When you are at the threshold of filing for bankruptcy in Phoenix, your debts will be looked at in one of two ways: either secured or unsecured.
A secured debt is a debt that you owe that has attached, tangible property acting as collateral. The two most common kinds of secured debts are home loans and auto loans. If you fall behind on payments, your creditors are able to seize the collateral—your home or car—to settle your debt.
The majority of your debt is likely considered unsecured. These debts do not have any collateral, so it becomes messier for both the creditors and yourself when you fall behind on payments. Debts that overwhelm the majority of us—like credit card charges, medical bills, and student loans—usually fall under this category.
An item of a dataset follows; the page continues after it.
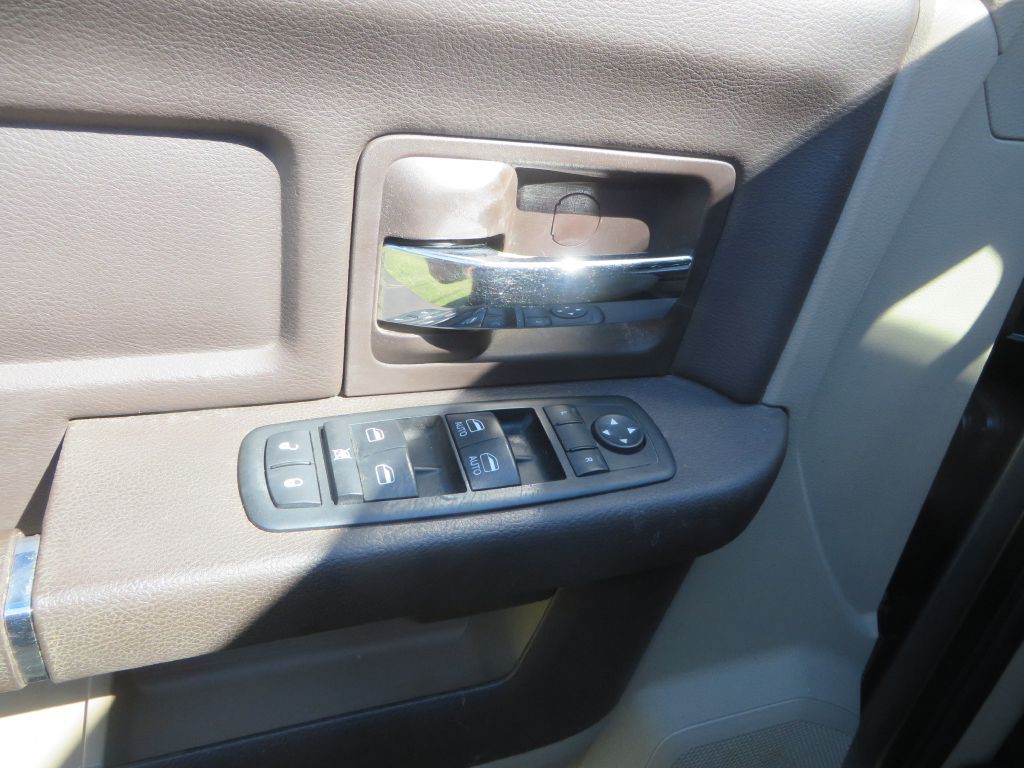 2012 Dodge Ram 3500 Image 13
Because there is not specific property attached to unsecured debts, creditors face extra challenges when trying to settle your outstanding charges. Typically, your creditors will report your delinquency to a credit reporting agency or file a lawsuit against you. A creditor generally cannot begin seizing your property or garnishing your wages until a court settlement has been reached. One common exception includes federal student loans, which allow the Department of Education to garnish your wages without court action.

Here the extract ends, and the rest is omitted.